[Web page caption snippets]
____

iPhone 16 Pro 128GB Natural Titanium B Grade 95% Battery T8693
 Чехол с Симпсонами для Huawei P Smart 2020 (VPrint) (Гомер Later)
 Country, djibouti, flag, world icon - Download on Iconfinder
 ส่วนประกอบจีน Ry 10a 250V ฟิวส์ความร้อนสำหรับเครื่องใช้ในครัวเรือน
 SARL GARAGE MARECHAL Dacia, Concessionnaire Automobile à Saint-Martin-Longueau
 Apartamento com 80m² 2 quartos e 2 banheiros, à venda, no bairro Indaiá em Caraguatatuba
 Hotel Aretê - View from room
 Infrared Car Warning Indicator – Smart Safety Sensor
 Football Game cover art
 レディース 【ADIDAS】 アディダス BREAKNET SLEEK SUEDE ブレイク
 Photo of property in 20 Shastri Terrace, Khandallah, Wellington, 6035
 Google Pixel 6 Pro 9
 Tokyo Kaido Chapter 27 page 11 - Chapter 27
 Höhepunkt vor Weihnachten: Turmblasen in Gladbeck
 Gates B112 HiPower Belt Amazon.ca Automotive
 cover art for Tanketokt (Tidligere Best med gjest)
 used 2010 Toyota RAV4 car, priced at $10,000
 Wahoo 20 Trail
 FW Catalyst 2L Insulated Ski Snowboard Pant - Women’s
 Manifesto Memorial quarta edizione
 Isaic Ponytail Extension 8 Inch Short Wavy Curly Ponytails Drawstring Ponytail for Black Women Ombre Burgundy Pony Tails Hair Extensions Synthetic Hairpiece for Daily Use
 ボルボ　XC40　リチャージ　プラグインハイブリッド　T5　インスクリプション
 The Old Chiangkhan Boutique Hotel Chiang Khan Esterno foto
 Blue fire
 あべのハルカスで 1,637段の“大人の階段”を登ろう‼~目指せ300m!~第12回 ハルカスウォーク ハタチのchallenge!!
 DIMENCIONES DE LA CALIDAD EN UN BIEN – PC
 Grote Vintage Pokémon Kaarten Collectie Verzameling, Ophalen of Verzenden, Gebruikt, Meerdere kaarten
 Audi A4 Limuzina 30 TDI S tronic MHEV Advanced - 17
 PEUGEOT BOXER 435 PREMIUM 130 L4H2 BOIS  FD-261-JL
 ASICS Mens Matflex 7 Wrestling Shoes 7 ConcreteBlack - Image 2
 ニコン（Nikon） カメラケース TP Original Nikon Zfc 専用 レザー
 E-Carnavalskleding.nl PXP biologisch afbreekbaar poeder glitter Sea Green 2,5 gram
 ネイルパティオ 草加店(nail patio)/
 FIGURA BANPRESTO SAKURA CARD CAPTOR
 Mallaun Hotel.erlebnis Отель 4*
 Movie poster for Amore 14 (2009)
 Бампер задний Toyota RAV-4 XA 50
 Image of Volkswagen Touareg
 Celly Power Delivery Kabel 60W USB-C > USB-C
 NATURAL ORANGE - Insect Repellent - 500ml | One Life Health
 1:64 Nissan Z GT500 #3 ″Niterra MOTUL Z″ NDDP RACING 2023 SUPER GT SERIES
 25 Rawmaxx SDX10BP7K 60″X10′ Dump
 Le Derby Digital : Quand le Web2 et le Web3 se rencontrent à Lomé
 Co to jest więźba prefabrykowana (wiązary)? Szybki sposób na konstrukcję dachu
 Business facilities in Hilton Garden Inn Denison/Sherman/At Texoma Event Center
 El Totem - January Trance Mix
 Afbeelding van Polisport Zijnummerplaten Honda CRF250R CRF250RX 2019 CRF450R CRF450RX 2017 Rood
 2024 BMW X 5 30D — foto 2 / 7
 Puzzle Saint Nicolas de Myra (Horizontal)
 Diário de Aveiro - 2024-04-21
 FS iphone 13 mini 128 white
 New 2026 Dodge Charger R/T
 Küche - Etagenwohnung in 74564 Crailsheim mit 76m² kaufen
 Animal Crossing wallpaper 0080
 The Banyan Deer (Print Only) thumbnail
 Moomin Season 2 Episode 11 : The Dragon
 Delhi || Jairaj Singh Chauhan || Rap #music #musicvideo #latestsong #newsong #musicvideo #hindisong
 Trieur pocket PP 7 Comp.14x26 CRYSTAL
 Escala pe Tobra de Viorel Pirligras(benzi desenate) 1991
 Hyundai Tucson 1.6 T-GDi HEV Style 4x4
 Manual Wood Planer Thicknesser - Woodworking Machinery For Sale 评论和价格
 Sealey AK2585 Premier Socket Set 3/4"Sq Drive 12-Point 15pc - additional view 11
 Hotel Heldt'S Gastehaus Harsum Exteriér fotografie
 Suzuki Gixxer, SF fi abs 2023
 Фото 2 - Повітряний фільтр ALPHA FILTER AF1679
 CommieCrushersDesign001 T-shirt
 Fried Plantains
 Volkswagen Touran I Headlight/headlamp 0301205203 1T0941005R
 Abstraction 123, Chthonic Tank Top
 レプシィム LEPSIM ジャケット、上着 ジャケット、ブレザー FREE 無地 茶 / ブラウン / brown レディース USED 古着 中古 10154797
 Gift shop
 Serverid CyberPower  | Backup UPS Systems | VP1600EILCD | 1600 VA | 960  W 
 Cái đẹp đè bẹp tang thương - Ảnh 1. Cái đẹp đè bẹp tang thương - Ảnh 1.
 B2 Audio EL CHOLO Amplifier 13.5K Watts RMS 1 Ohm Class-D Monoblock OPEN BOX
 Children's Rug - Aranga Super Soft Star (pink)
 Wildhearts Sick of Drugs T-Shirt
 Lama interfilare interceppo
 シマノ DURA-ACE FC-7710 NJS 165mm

____

REQUIRED WORK: An exact copy of the lines above between the line holding "Image of Volkswagen Touareg" and the line holding "B2 Audio EL", inclusive, is the whole answer.

COMPLETED TASK:
 Image of Volkswagen Touareg
 Celly Power Delivery Kabel 60W USB-C > USB-C
 NATURAL ORANGE - Insect Repellent - 500ml | One Life Health
 1:64 Nissan Z GT500 #3 ″Niterra MOTUL Z″ NDDP RACING 2023 SUPER GT SERIES
 25 Rawmaxx SDX10BP7K 60″X10′ Dump
 Le Derby Digital : Quand le Web2 et le Web3 se rencontrent à Lomé
 Co to jest więźba prefabrykowana (wiązary)? Szybki sposób na konstrukcję dachu
 Business facilities in Hilton Garden Inn Denison/Sherman/At Texoma Event Center
 El Totem - January Trance Mix
 Afbeelding van Polisport Zijnummerplaten Honda CRF250R CRF250RX 2019 CRF450R CRF450RX 2017 Rood
 2024 BMW X 5 30D — foto 2 / 7
 Puzzle Saint Nicolas de Myra (Horizontal)
 Diário de Aveiro - 2024-04-21
 FS iphone 13 mini 128 white
 New 2026 Dodge Charger R/T
 Küche - Etagenwohnung in 74564 Crailsheim mit 76m² kaufen
 Animal Crossing wallpaper 0080
 The Banyan Deer (Print Only) thumbnail
 Moomin Season 2 Episode 11 : The Dragon
 Delhi || Jairaj Singh Chauhan || Rap #music #musicvideo #latestsong #newsong #musicvideo #hindisong
 Trieur pocket PP 7 Comp.14x26 CRYSTAL
 Escala pe Tobra de Viorel Pirligras(benzi desenate) 1991
 Hyundai Tucson 1.6 T-GDi HEV Style 4x4
 Manual Wood Planer Thicknesser - Woodworking Machinery For Sale 评论和价格
 Sealey AK2585 Premier Socket Set 3/4"Sq Drive 12-Point 15pc - additional view 11
 Hotel Heldt'S Gastehaus Harsum Exteriér fotografie
 Suzuki Gixxer, SF fi abs 2023
 Фото 2 - Повітряний фільтр ALPHA FILTER AF1679
 CommieCrushersDesign001 T-shirt
 Fried Plantains
 Volkswagen Touran I Headlight/headlamp 0301205203 1T0941005R
 Abstraction 123, Chthonic Tank Top
 レプシィム LEPSIM ジャケット、上着 ジャケット、ブレザー FREE 無地 茶 / ブラウン / brown レディース USED 古着 中古 10154797
 Gift shop
 Serverid CyberPower  | Backup UPS Systems | VP1600EILCD | 1600 VA | 960  W 
 Cái đẹp đè bẹp tang thương - Ảnh 1. Cái đẹp đè bẹp tang thương - Ảnh 1.
 B2 Audio EL CHOLO Amplifier 13.5K Watts RMS 1 Ohm Class-D Monoblock OPEN BOX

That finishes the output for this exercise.